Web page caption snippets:
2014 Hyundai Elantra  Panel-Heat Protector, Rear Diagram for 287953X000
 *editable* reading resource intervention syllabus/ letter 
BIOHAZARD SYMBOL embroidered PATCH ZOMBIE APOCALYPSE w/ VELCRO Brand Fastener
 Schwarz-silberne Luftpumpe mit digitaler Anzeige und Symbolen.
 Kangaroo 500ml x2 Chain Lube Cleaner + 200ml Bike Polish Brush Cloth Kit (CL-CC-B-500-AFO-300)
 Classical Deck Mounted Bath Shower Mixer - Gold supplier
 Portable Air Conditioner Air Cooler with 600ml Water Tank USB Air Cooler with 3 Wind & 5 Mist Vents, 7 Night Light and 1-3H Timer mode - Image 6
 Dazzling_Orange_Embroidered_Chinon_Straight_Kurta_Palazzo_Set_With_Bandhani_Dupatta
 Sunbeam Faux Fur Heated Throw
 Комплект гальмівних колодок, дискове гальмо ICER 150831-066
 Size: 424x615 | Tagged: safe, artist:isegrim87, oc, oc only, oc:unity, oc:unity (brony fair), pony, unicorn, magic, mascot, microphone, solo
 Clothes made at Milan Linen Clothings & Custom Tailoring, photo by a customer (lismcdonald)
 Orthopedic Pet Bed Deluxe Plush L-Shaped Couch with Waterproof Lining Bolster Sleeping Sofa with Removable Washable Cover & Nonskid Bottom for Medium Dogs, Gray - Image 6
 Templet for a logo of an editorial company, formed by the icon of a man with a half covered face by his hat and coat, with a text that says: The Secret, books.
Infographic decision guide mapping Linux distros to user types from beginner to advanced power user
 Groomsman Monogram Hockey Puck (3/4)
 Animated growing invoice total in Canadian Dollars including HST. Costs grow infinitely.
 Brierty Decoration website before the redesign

Task prompt: Your task is to reproduce each entry exactly.

Result below:
2014 Hyundai Elantra  Panel-Heat Protector, Rear Diagram for 287953X000
 *editable* reading resource intervention syllabus/ letter 
BIOHAZARD SYMBOL embroidered PATCH ZOMBIE APOCALYPSE w/ VELCRO Brand Fastener
 Schwarz-silberne Luftpumpe mit digitaler Anzeige und Symbolen.
 Kangaroo 500ml x2 Chain Lube Cleaner + 200ml Bike Polish Brush Cloth Kit (CL-CC-B-500-AFO-300)
 Classical Deck Mounted Bath Shower Mixer - Gold supplier
 Portable Air Conditioner Air Cooler with 600ml Water Tank USB Air Cooler with 3 Wind & 5 Mist Vents, 7 Night Light and 1-3H Timer mode - Image 6
 Dazzling_Orange_Embroidered_Chinon_Straight_Kurta_Palazzo_Set_With_Bandhani_Dupatta
 Sunbeam Faux Fur Heated Throw
 Комплект гальмівних колодок, дискове гальмо ICER 150831-066
 Size: 424x615 | Tagged: safe, artist:isegrim87, oc, oc only, oc:unity, oc:unity (brony fair), pony, unicorn, magic, mascot, microphone, solo
 Clothes made at Milan Linen Clothings & Custom Tailoring, photo by a customer (lismcdonald)
 Orthopedic Pet Bed Deluxe Plush L-Shaped Couch with Waterproof Lining Bolster Sleeping Sofa with Removable Washable Cover & Nonskid Bottom for Medium Dogs, Gray - Image 6
 Templet for a logo of an editorial company, formed by the icon of a man with a half covered face by his hat and coat, with a text that says: The Secret, books.
Infographic decision guide mapping Linux distros to user types from beginner to advanced power user
 Groomsman Monogram Hockey Puck (3/4)
 Animated growing invoice total in Canadian Dollars including HST. Costs grow infinitely.
 Brierty Decoration website before the redesign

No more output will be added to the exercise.